Allen Hulsey (born February 8, 1985) is a singer, songwriter, guitarist and visual artist. He is the founding member of New York City–based music duo Muj. Allen has also pursued musical projects outside of Muj's work, including numerous collaborations with other bands such as Emperor City Motorcade. He is also inclined towards acting, having worked in a 2011 short movie, I'm So Tall. Allen's paintings have also been exhibited in a number of venues, including Flamboyan Theatre.

Early life
Born in Rochester, New York (February 8, 1985), Allen was attuned to music from early years of childhood, responding intensely to local church bells as an infant and writing his first songs shortly thereafter. Allen moved to Turkey at the age of 7, at which point he undertook the study of cello and piano. He began playing guitar before attending boarding school in Germany at age 13.  At boarding school Allen was introduced to a plethora of more modern music, which he incorporated into his vast knowledge of classical musics. He also then started to play bowed guitar in order to incorporate his prior knowledge of cello with his guitar playing. His rendition of Saint-Saëns' Le Cygne, later appeared in I'm So Tall, an art film starring Allen and directed by Yael Zeevi, in 2011. Exploring microtonal music and Turkish art/folk music lead him to apply to Berklee College of Music in 2003. Allen studied modern classical music privately, alongside the jazz composition courses he took at Berklee, studying under David Tronzo, Ken Pulig, Yokob Gubanov, and David Fiuczynski.

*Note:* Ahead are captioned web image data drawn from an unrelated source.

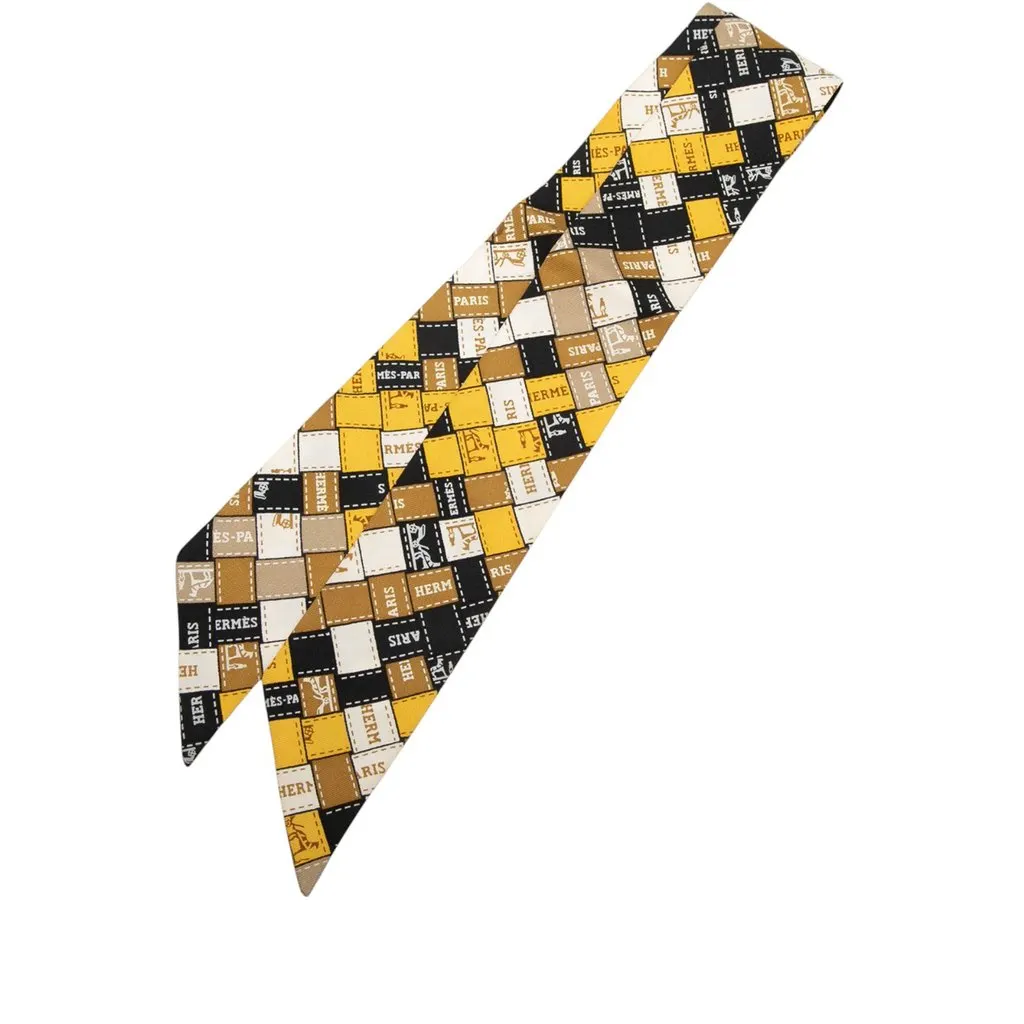 Hermès Bolduc au Carre Silk Twilly Scarf Yellow Silk Very good - Front View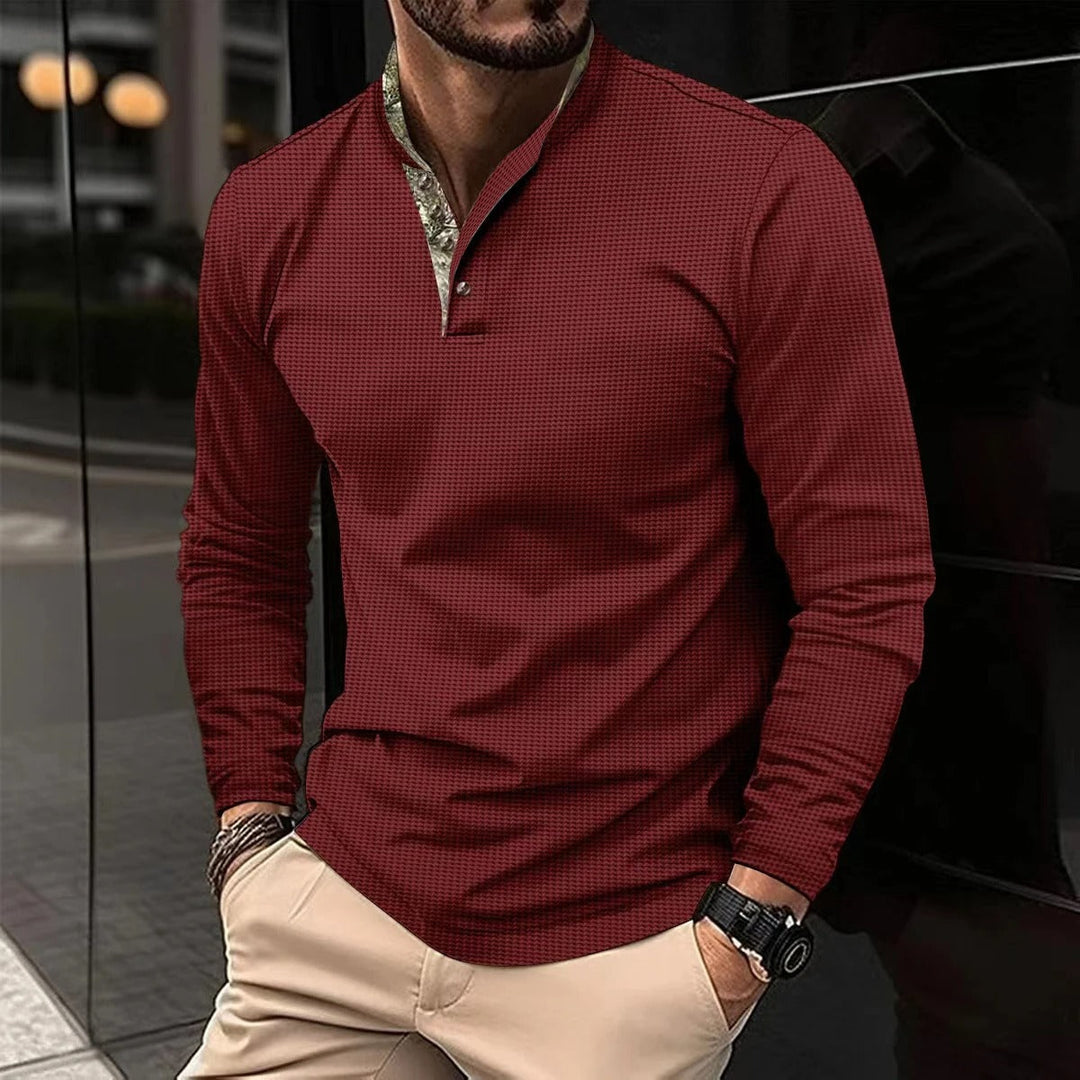 Niko | Herren Langarm Henley Shirt Stehkragen Waffelstruktur
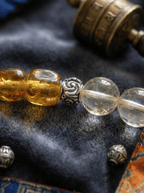 「Sweet Osmanthus Falling & Golden Beads」 Amber & Citrine Bracelet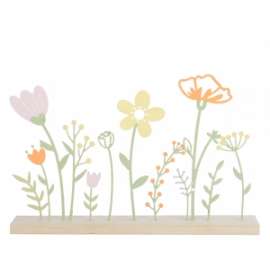 Pasqua DECORAZIONE C/BASE  IN LEGNO E FIORI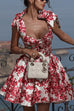 Camilladress Bow Shoulder Floral Print A-line Mini Cami Dress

Upon graduating in 2006, Allen moved to New York City, NY. In New York, Allen played with multiple bands, taught and did session work. Allen composed music for modern and traditional dance, performing at the LaMama Moves! Dance festival "World Summit" 2007. For two years Allen played lead guitar for Emperor City Motorcade, with whom he performed on WRXP 101.9 hosted by Matt Pinfield. While with this band he also performed at Bowery Ballroom, Gramercy Theater, Webster Hall, and Mercury Lounge. In 2009, Allen formed Muj with Emre Atabay, his Berklee friend. The duo recorded "Muj 2012", releasing the album in 2010.

Styles and influences
Allen's styles of guitar playing includes extended guitar techniques such as fretless guitar, slide guitar, prepared guitar. He has been strongly influenced by Erkan Ogur, Fred Frith, David Tronzo, Derek Bailey and John Cage. Allen has also been an admirer of John Lennon and especially Dani Rabin of Marbin. He participates in and is a founding member of yearly tribute to the life and music of John Lennon. The event is held in Central Park on December 8, the anniversary of Lennon's assassination. Performing in the Naumburg Band Shell across from Strawberry Field, hundreds gather each year in the freezing cold to celebrate and remember the music of John Lennon.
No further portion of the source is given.